Because of the very large number of
QT/
RR pairs available with the population approach, it is easy to narrow the observation period. We could thus confirm with the 2-hour point estimates the hetero-geneity of the sotalol effect over the 4-hour period observed by using the time bin method. However, further narrowing of the observation period would lead to a loss of accuracy as a consequence of reducing the number of
QT/
RR pairs mainly with the subject-specific approach. Therefore, as with the rate bin method, the time course of drug effect is lost by using the point estimate approach.
In addition, the point estimate method represents a mix of the drug's effect at various heart rates and cannot always be compared to an effect at the corrected QT interval or at a 1000-ms RR interval.

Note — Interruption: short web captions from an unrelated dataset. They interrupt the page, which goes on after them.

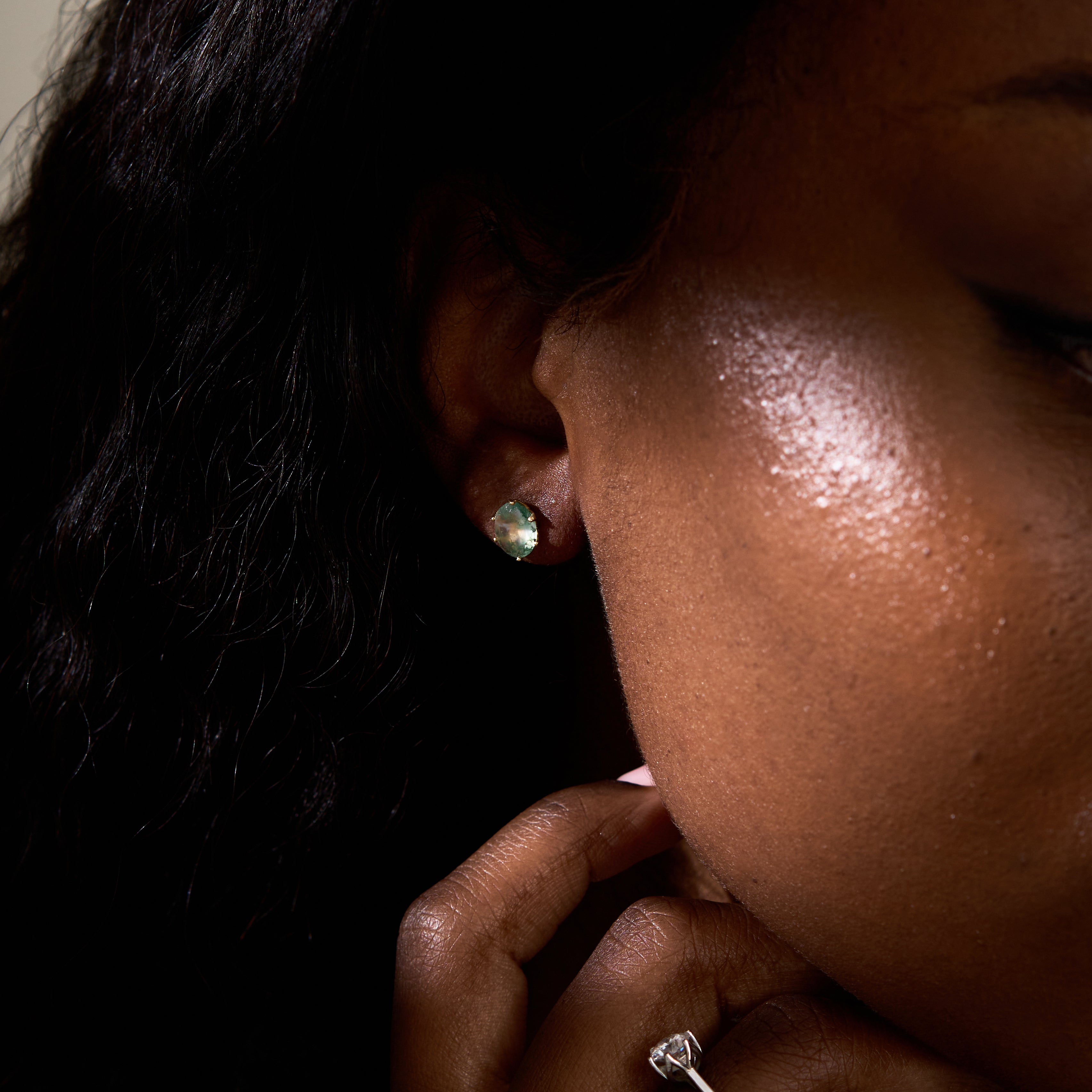 Stud Oval Moss Agate Earrings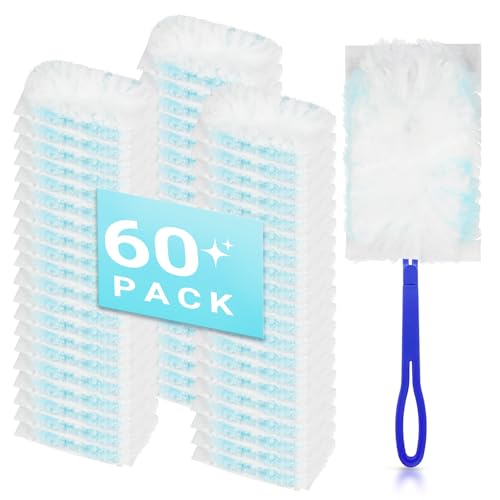 Image of 60 Count Disposable Duster Refills for Cleaning, for Swiffer Duster Refill, Multi-Surface Dusting Refills, Dusting Furniture, Blinds, Ceiling Fans, Helps Remove Allergens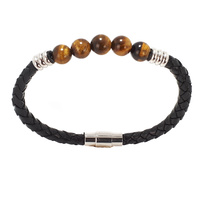 BROWN TIGERS EYE BEAD AND LEATHER BRACELET
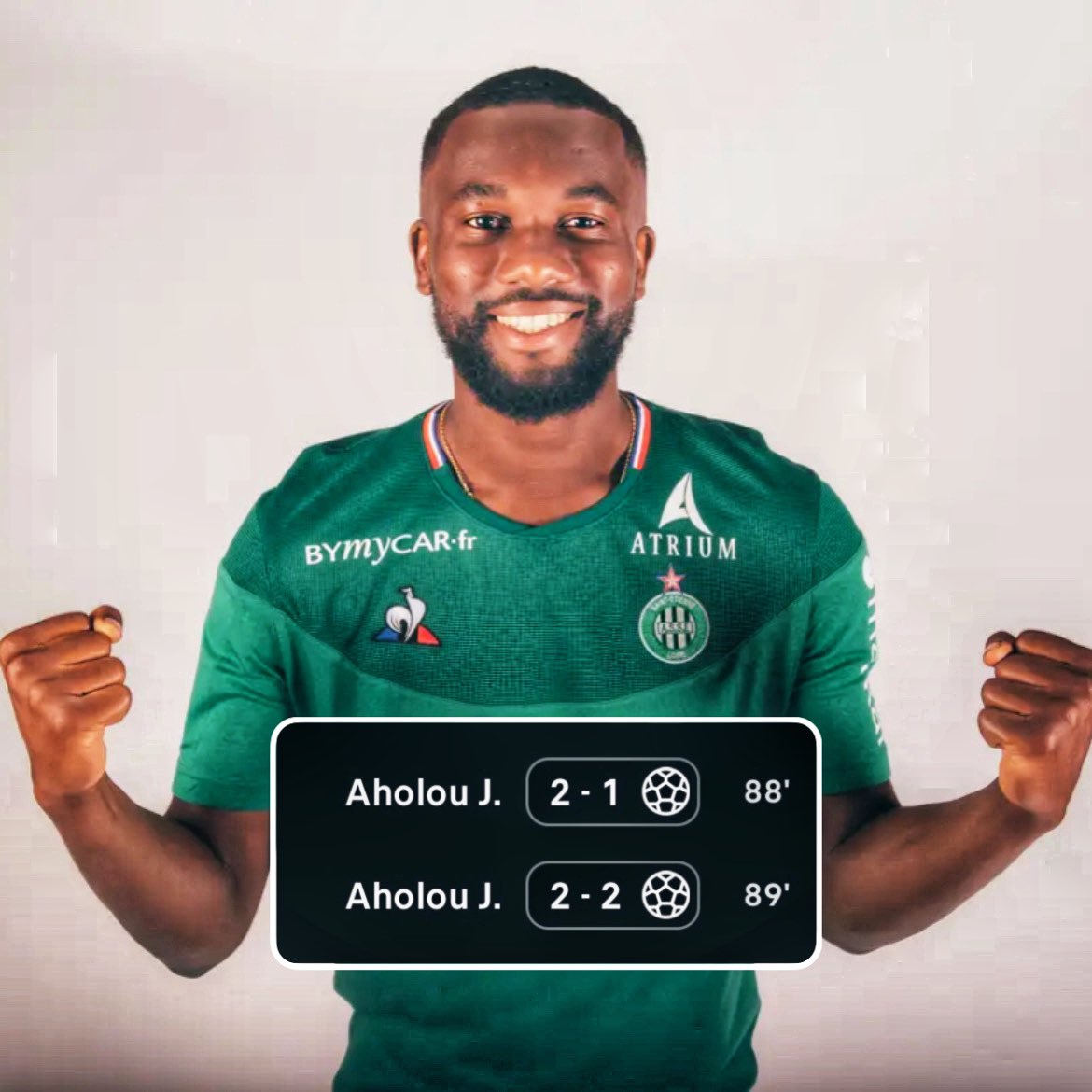 ASSE_NewsOff's tweet photo. 🤯 L'ancien Vert Jean-Eudes #Aholou vient de climatiser le Vélodrome en l'espace de deux minutes. 🥶
87' : 2-0
89' : 2-2
🥶 https://t.co/oljXuwJLzB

Finally, the point estimate approach combines the disadvantages of the loss of time track of rate binning, and as with the time bin approach, it provides no data on rate influences on the drug's effect.
Study Limitations
The main limitation is represented by the potent IKr block effect of sotalol. The magnitude of the potential disadvantages of each method described in the present study may not be the same with weaker potassium current blockers. Nevertheless, the limitations underlined in the present study are inherent to each method.

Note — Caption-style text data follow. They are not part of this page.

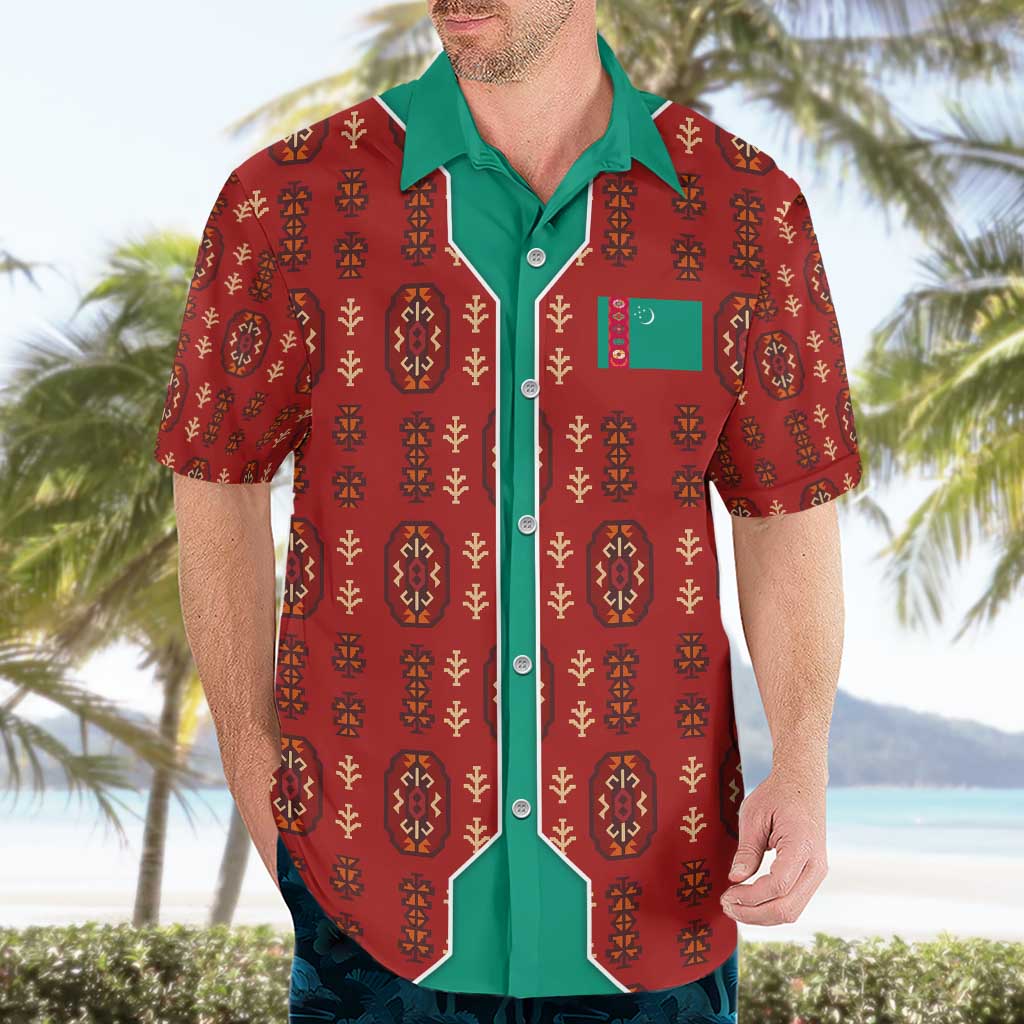 Turkmenistan Traditional Carpet Pattern Hawaiian Shirt with National Flag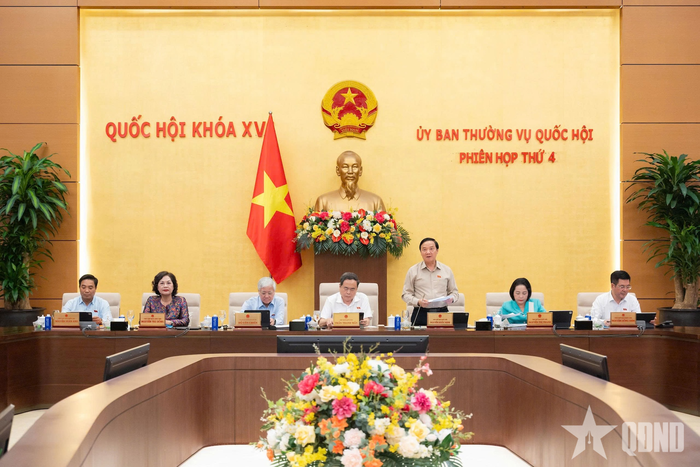 Phó chủ tịch Quốc hội Nguyễn Khắc Định phát biểu kết luận nội dung họp.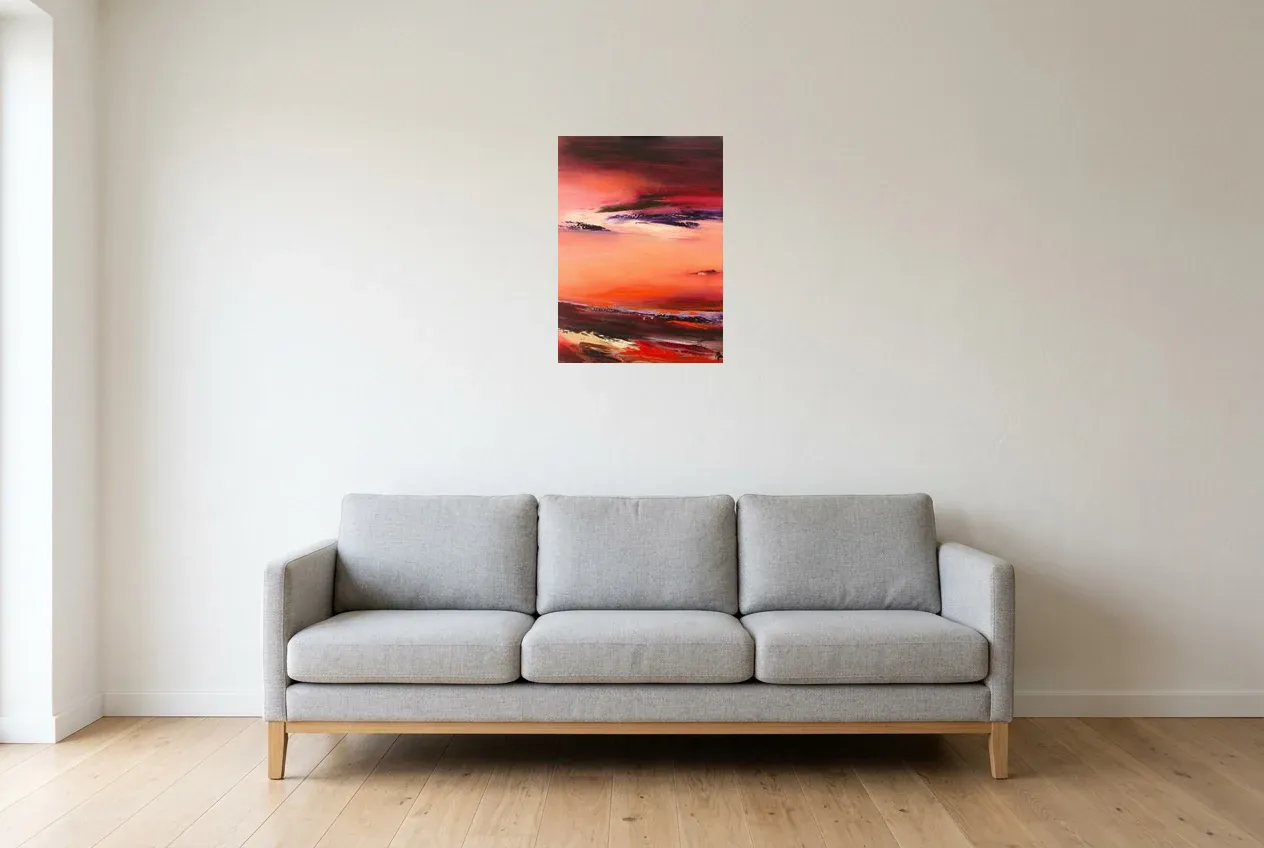 Red Abstract Painting 95 “Le Temps”, original oil painting by Régine Gardan, 40 × 55 cm, hung in a living room
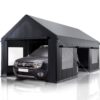 12x20 Ft Heavy Duty Carport Canopy With Reinforced Base & Side Access Door, Portable Garage For Trucks, Boats, Cars, And Pickups, White&black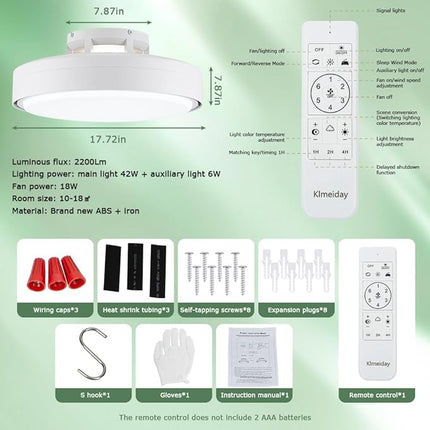 Klmeiday Modern Bladeless Ceiling Fans with Lights and Remote, Reversible, DC Mo
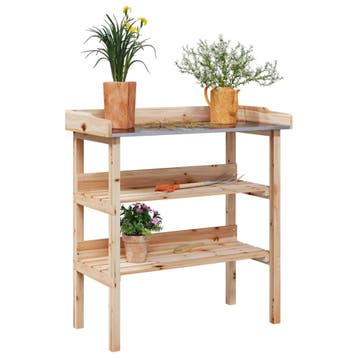 vidaXL Plantentafel met schappen 78x38x82,5 cm massief, Verzenden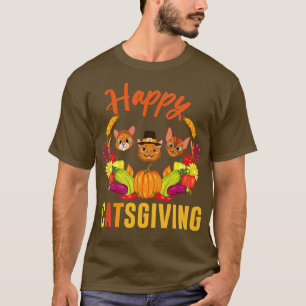 Camiseta Frutas De Abóbora Rostos De Gato Feliz Dia De Ação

It should be recognized that some of the method-related discrepancies observed in single-dose trials may not be valid for repeated-dose trials. Our study does not include a pharmacokinetic/pharmacodynamic model, and some of sotalol's effects on QT duration as well as the QT/RR relationship may be dependent on its concentration. However, our placebo data underline that ventricular repolarization properties change within a few hours independently of the drug's concentration. Therefore, similar changes in the QT/RR relationship may be also observed at the drug's steady-state concentration. In addition, as discussed earlier, with fast-changing drug concentration, both the rate and time bin approaches would have been hampered by using short time windows.
Conclusion
The evaluation of drugs' influences on QT interval duration is a difficult process because of the complex properties of ventricular repolarization and its modulation by ionic channel-blocking drugs. No currently used ECG method can be considered free of pitfalls. The individual correction formula calculated from the placebo condition cannot always be used for QT correction on the drug. On the other hand, the rate bin approach is characterized by a loss of the precision of temporal assessment. In that respect, the combination of different approaches seems to be a reasonable strategy. The recording of long, continuous ECGs, as provided by digital 12-lead Holter technology, would be appropriate for a primary analysis in the thorough QT study or as a support for additional analyses.